Another fantastic recipe from KSVY Friday Morning Show guest, Chef Marco Ilaria. This Leg of Lamb stuffed with Spinach sounds  like a perfect wine country dinner. What would you pair with this delicious dish?


7 lb Leg of Lamb – domestic, boned

2 cups Spinach cooked and chopped

½ cup Dijon mustard

2 Tbsp Garlic chopped fine

1 cup Pancetta cooked, small dice

½ cup Pine nuts toasted and course chopped

½ cup Fresh mint chopped fine

1 cup Feta cheese

1 tsp. Fresh thyme chopped fine

1 tsp. Salt and pepper to taste

1 cup Red wine

1 cup Chicken stock

Butcher twine


1. Start with one domestic leg of lamb, boned out. Butterfly so that the meat is even thickness throughout.

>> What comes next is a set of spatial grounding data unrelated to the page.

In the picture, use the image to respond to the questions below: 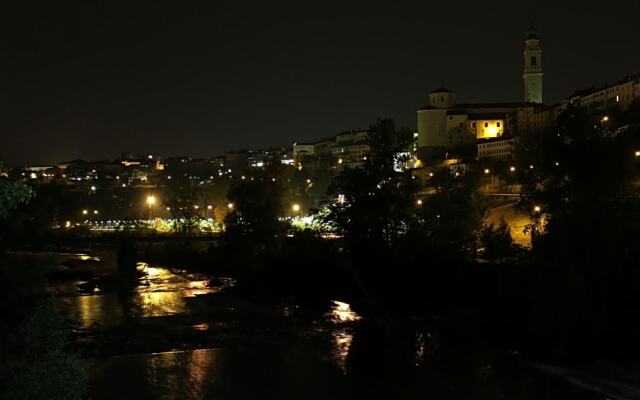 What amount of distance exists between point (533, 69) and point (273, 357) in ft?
261

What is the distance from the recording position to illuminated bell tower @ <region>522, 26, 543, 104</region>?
90562 mm

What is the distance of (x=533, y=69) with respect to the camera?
91.1 metres

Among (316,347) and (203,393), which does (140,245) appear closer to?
(316,347)

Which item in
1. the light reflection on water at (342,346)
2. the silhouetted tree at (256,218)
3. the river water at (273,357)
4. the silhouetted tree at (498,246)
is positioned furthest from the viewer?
the silhouetted tree at (256,218)

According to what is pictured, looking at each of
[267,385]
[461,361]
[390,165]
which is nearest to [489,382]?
[461,361]

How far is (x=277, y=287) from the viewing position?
3575 centimetres

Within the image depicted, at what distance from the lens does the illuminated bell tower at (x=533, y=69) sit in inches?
3565

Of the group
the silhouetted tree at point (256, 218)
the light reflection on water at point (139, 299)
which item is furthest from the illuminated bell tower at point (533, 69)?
the light reflection on water at point (139, 299)

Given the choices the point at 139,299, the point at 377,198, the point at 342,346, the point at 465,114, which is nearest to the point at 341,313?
the point at 342,346

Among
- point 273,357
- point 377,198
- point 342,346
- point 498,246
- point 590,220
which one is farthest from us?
point 377,198

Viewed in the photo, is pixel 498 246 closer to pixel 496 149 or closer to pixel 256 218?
pixel 256 218

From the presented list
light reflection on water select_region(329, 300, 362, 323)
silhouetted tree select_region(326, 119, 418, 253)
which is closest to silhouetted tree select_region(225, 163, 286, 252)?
silhouetted tree select_region(326, 119, 418, 253)

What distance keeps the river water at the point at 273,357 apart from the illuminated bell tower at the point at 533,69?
68.4 metres

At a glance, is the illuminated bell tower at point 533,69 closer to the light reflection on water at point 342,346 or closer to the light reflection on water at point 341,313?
the light reflection on water at point 341,313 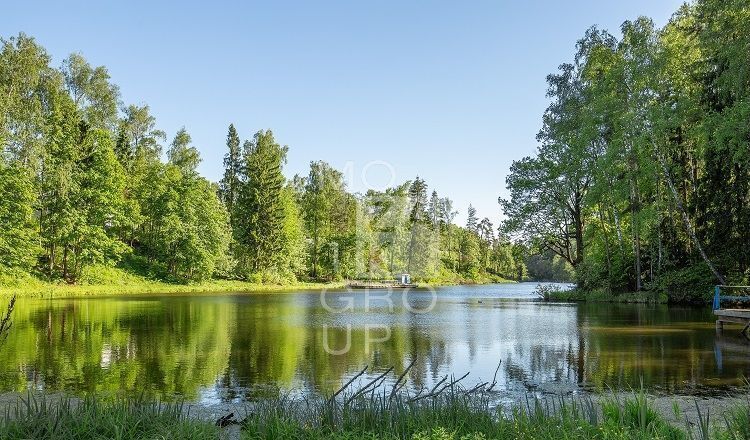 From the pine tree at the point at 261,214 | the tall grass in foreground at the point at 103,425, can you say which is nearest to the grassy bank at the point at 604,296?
the pine tree at the point at 261,214

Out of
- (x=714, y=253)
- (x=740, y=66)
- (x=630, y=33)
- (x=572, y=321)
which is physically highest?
(x=630, y=33)

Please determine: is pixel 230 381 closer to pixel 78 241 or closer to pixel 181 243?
pixel 78 241

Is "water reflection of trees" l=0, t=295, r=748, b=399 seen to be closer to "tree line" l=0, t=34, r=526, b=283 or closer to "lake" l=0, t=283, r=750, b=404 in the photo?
"lake" l=0, t=283, r=750, b=404

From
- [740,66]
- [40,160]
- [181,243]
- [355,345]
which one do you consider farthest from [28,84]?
[740,66]

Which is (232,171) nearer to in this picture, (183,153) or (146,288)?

2. Paint the inside with the Dijon mustard

3. Mix the remaining ingredients together in a large bowl

4. Spread the mixture over the mustard as evenly as possible, then roll and tie roast with butcher twine.

5. Season the outside with some salt and pepper.

6. Roast in a 350-degree oven for about 1.25 hours or until the internal temperature is 130 degrees.

7. When roasting the lamb put the red wine and chicken stock in the roasting pan and baste every fifteen minutes.